Les élections européennes de juin 2009 ont marqué une forte progression des droites conservatrices au Parlement européen. L’accélération des politiques libérales de santé s’attaque, entre autres, aux droits des femmes à la contraception et à l’avortement. Ce contexte semble redonner confiance aux opposants à l’IVG. Néanmoins, les tenants de l’ordre moral sont confrontés à une progression de la laïcisation des États européens et cherchent de nouveaux alliés.
La nébuleuse chrétienne-conservatrice est composée de dizaines de structures1, soutenue par le Vatican et sous la pression des intégristes catholiques, protestants ou orthodoxes et relayée par de nombreux mouvements, associations et partis (en particulier de droite extrême2 ou d’extrême droite3.) Cette nébuleuse s’oppose à tout ce qui remettrait en cause les commandements divins et prétend, ainsi, défendre « le droit à la vie ».
Dans la plupart des pays d’Europe, ce combat s’enracine, avant tout, dans les mobilisations contre les lois favorisant l’accès à la contraception et à l’IVG. Mais le projet politique des partisans de l’ordre moral les mène à se prononcer en matière de sexualité, de reproduction ou de mort. Ainsi, selon l’actualité, ils bataillent sur la bio-éthique, l’homoparentalité, l’euthanasie ou le suicide…

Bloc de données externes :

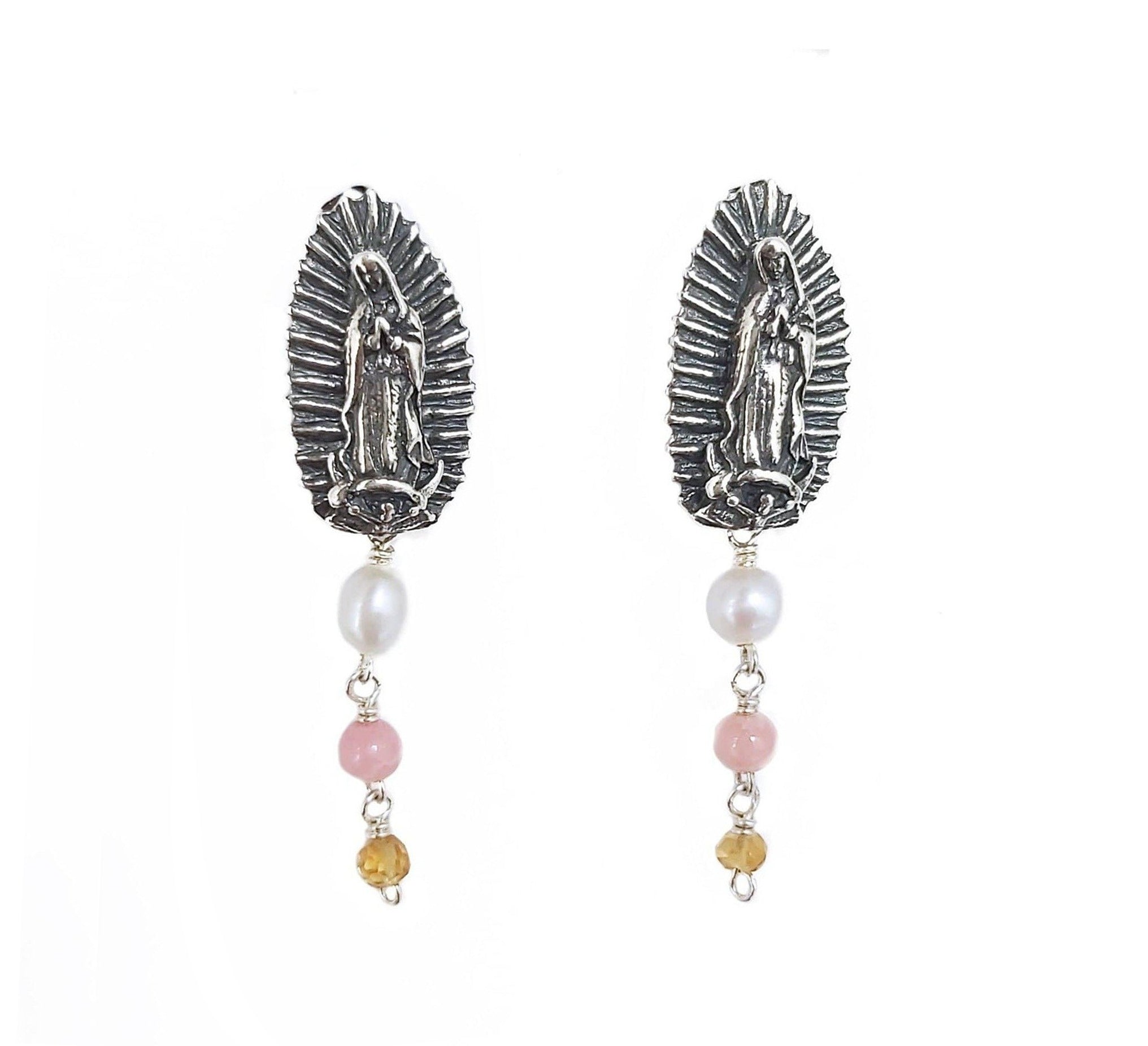 Aretes Virgen De Guadalupe, joya de plata .925, con perla y amatista – Gabriela Sánchez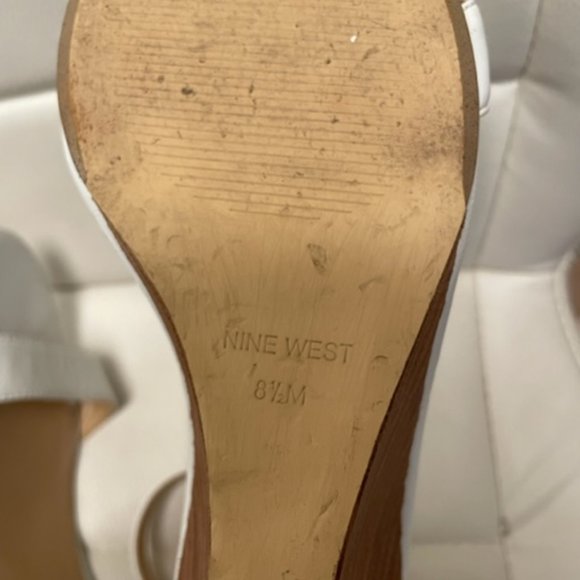 NINE WEST White Wedge Open-Toe  Heel Size 8.5 - Picture 5 of 5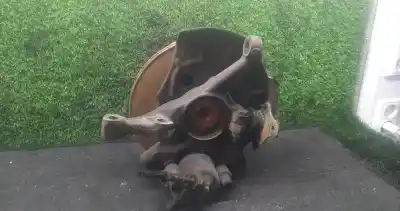 Second-hand car spare part front right knuckle for toyota corolla compact (_e10_) 1.3 xli 16v (ee101) oem iam references   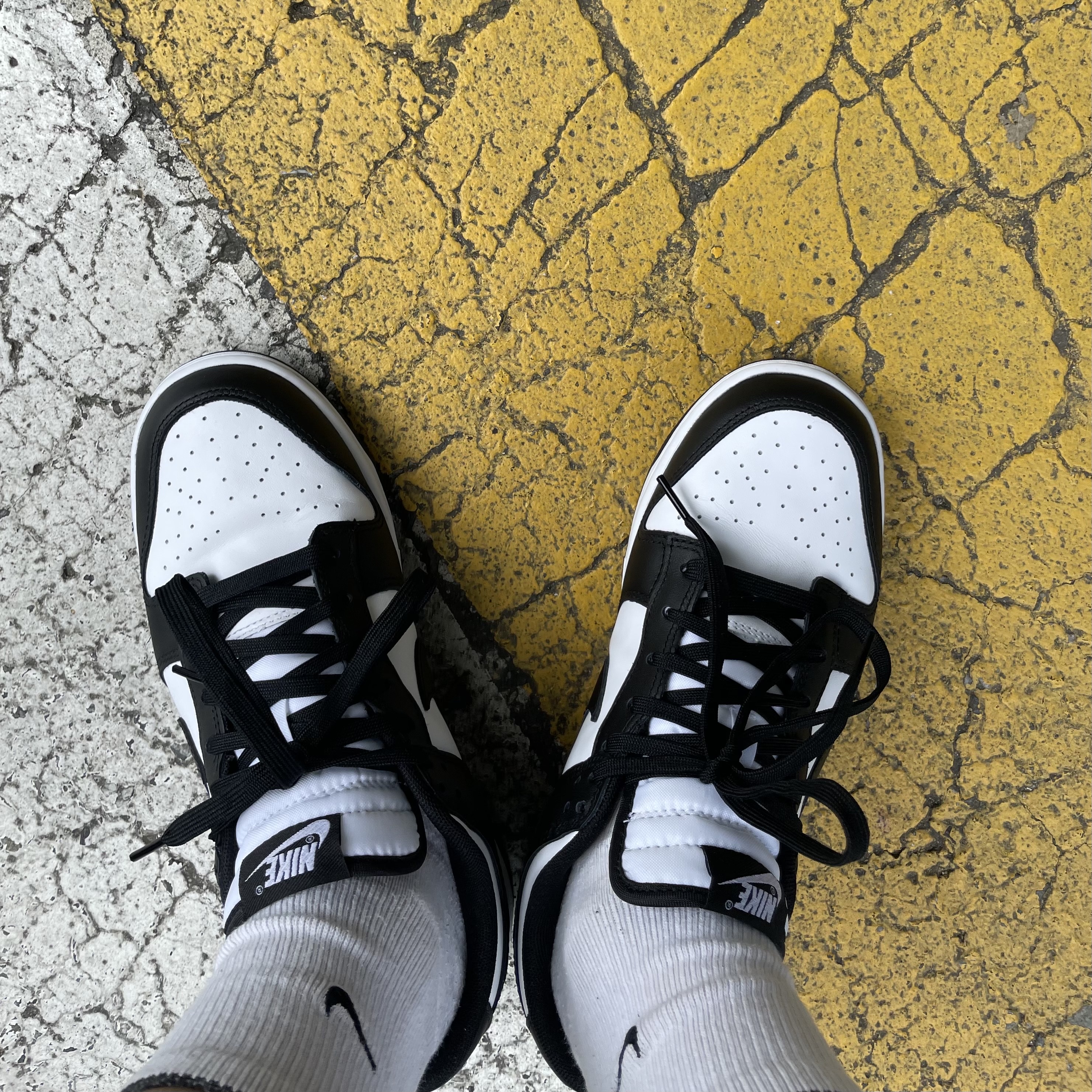 Nike Dunk Low Retro Black 착용 스타일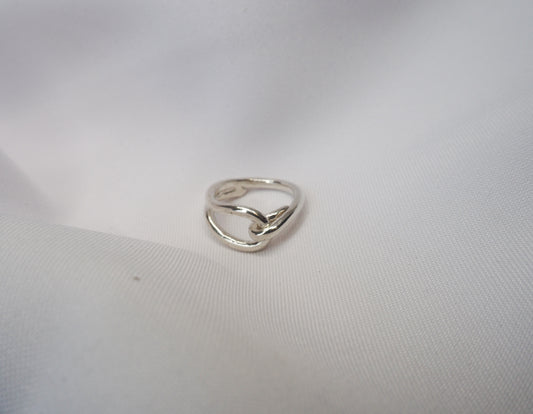 Knot Flow Ring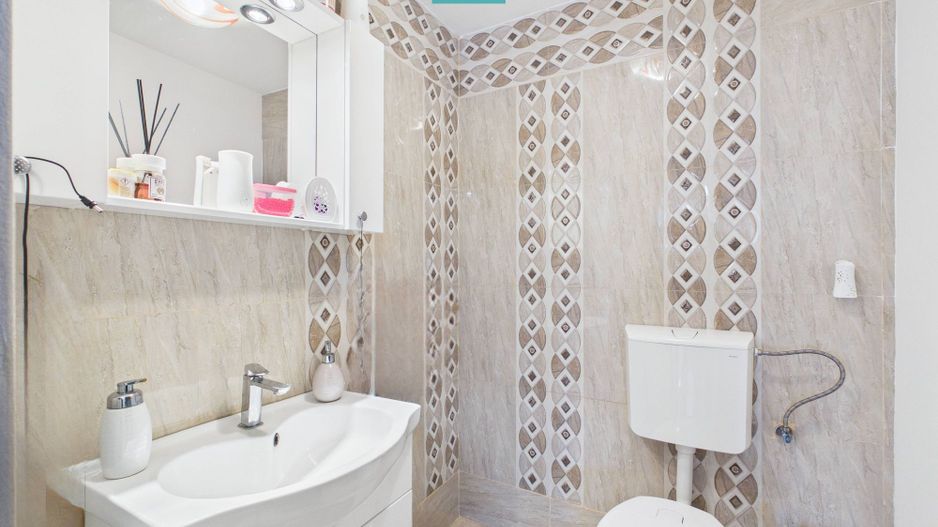 Casa plus spatiu comercial Dudestii Noi - Poză 26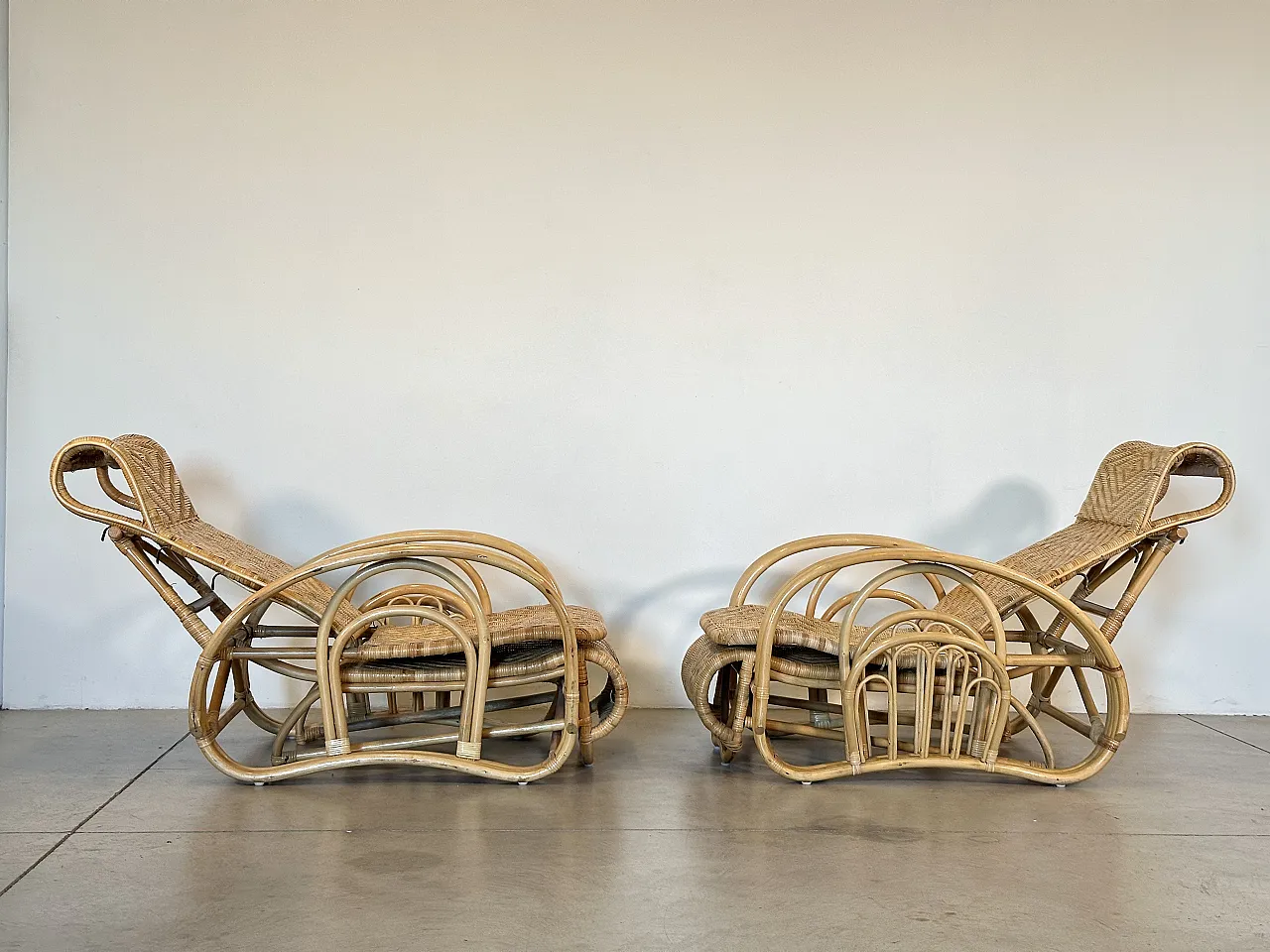 Coppia di chaises longue in bambù anni '80 13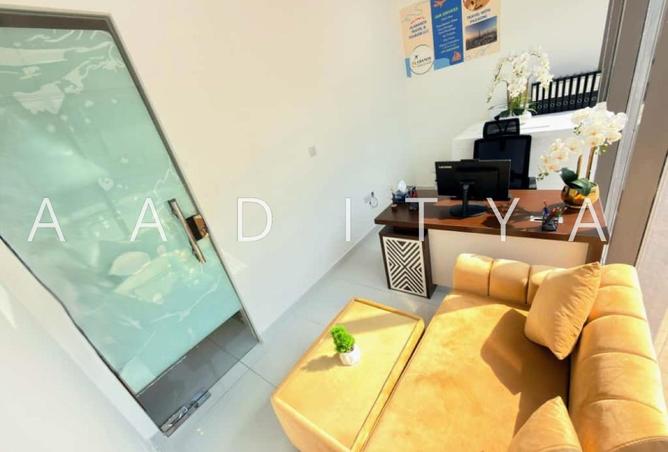 104673017 - Property Image 3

Ils sont traversés par des débats sur les formes et les objectifs de leur lutte. Jeanne Smits4 résume parfaitement cette contradiction et souligne la façon de la dépasser, dans la préface à la proposition de « loi pour la vie »5 du Centre Charlier et de l’Agrif6, concernant la législation française : « Faut-il abroger la loi Veil ? Voilà une question qui suscite mille réponses, même parmi les adversaires de l’avortement. Beaucoup d’entre eux répondent : « Peut-être si le peuple français l’accepte » ; ou bien : « Non, efforçons-nous plutôt de la faire appliquer de la façon la plus restrictive possible » Mais se satisfaire ainsi d’une situation où il est devenu légal de tuer des innocents, c’est accepter que le droit français soit au service de la culture de mort. Pour autant, il faut proposer, à la place de la loi Veil, autre chose que le statu quo ante. […] Une « loi d’orientation, destinée à protéger toute vie humaine dès ses débuts, mais aussi, à soutenir et à stabiliser les familles, à reconnaître leur rôle de bases de la société. »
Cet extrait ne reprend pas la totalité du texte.